# Tansducer issues??



## Topcat5011 (Jun 16, 2013)

Hey everyone I recently installed a transducer on my lowe roughneck 1860 and I followed the directions and mounted it like it said to. The first time out it shot up a rooster tail about 4ft high and didn't read over 10mph so I turned the bracket over and layed a golden rule under the boat and adjusted the transducer so that it sat right on top of it. Second time out it would read to about 15 mph and had a small rooster tail. My question is, is there any way it will ever read at higher speeds 40+ or am I hoping for to much? The unit is a humminbird 597ci hd GPS/ff combo.

Thanks everyone.


----------



## nlester (Jun 17, 2013)

My boat will only go 4 MPH so I have no experience with this. I know the 570 is not SI but when a friend got his Humminbird SI he lost the image at about 6 MPH. The Humminbird site says the only way to for the SI to get high speed depth is to mount a shoot thru the hull transducer and use a switch or cable to switch between the two transducers. This would work for my friend but he has a fiberglass hull. Humminbird does not make a inside the hull transducer for aluminum hulls but I have read about the transducer below that some boat owners are using for high speed and to get the transducer out of the water in tin boats. See the comments on this transducer from an other forum. The transducer runs about $170 plus cables and possibly a switch. It would cost a little over $200 but it might save you from having 2 sonars if you can't find any other soulution.

https://www.ultimatebass.com/bass-fishing-forum/index.php?topic=56476.0

I recommend a side imaging forum that might offer some help. They were really helpful when I was shopping. Some times you have to rattle their cage but when they find you are serious, the answers are good.
https://bb.sideimageforums.com/index.php


----------



## RivRunR (Jun 17, 2013)

The 597ci HD is not a side imaging finder, and uses the "standard" XNT-9-20-T transducer, so adding another transducer and splitting signals with a Y cable etc doesn't really apply.

Pics of your install taken from the back and sides (level with the transducer) will help, but sometimes they are just difficult to mount for readings at speed on aluminum boats because of the turbulence generated from strakes, rivets, etc. Best bet is to mount a transducer board so that you aren't drilling 2 dozen holes in your transom, and then just start experimenting with location and tilt. 

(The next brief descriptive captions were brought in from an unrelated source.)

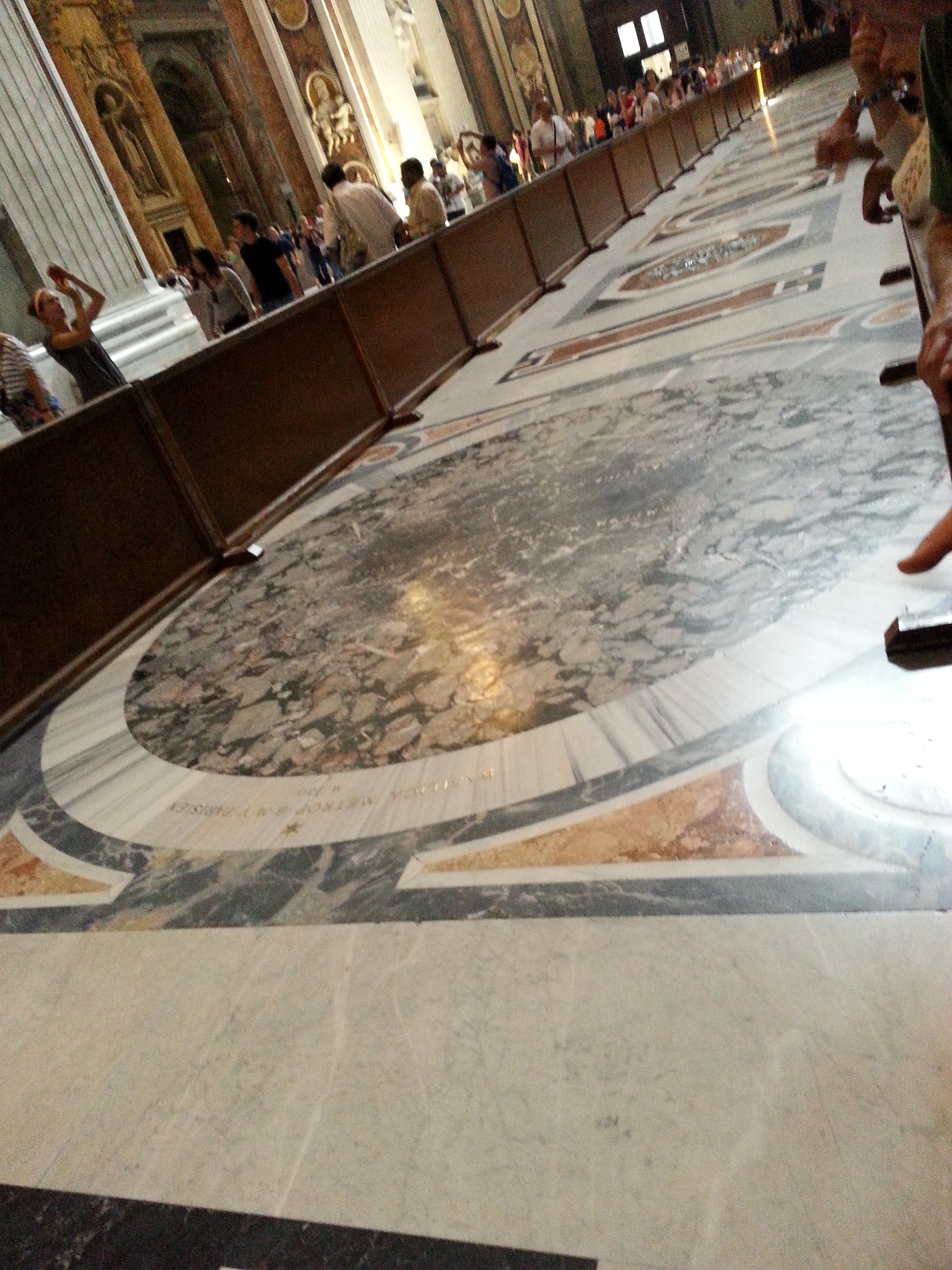 Floor marking the sizes of other cathedrals - St. Peter's Basilica 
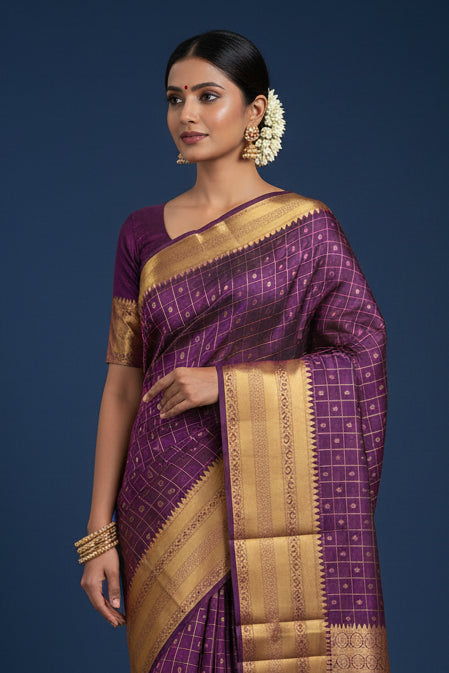 Burgundy Purple Pure Kanjeevaram Silk Saree with Gold Border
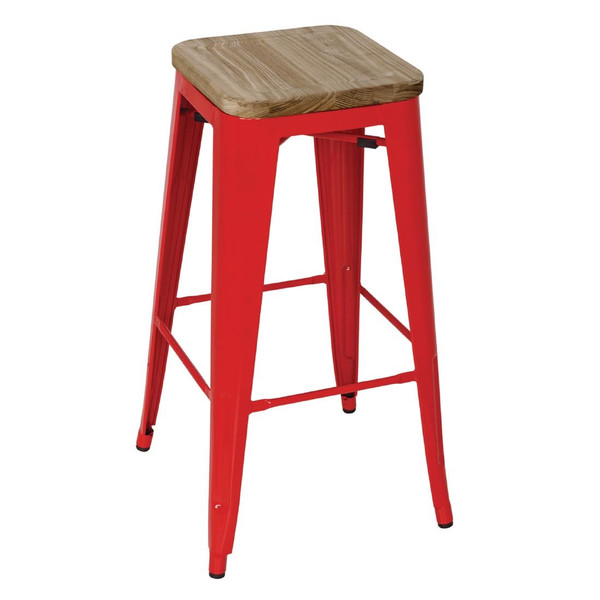 Bolero Bistro High Stools with Wooden Seat Pad Red (Pack of 4)
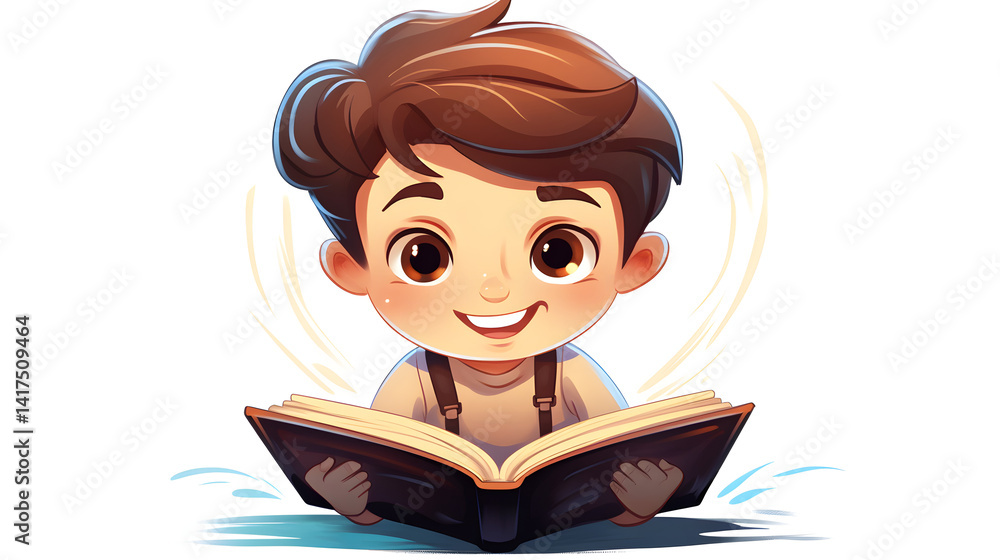 Joyful child learning with a book in a cartoon vector illustration for education Joyful child learning with a book in a cartoon vector illustration for education
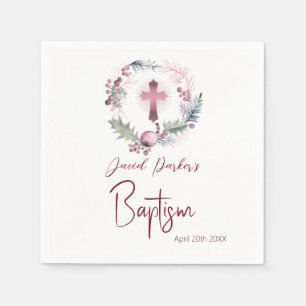 Serviette En Papier Laurel Garland rose Gold Baptême Christening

I'm not sure if the 597ci has a "chart speed" setting, but if so, increase it to match your boat speed (5 mph = 5 chart speed, etc).

I have a SI unit and could never get 2D readings at speed, so I finally gave up and just mounted another transducer (same as yours). I still lose the picture of the bottom at 20 mph, but I get the depth reading. 

Not a great pic, but you can see my XNT 9-20 on the port side:


----------



## Topcat5011 (Jun 17, 2013)

I'm sorry guys I went back an read my post and I need to clarify that it's the depth reading that goes crazy at higher speeds. I'm not really worried about bottom readings as I am the depth of the water I'm running in. It works fine under 10mph but after that it jumps to 100ft plus and I know it's not that deep. Ill post some pictures here in a bit and maybe I'm just not getting what's wrong. I've seen the alumaducer and have considered it but would like this one to work if it will.


----------



## gillhunter (Jun 17, 2013)

I have a 597ci HD on my 1648. The transducer was very fussy to set up. I moved mine a couple of times. I ended up with it clear out board to avoid strake turbulence. I only have a 9.9 so I'm not running the speeds you guys are.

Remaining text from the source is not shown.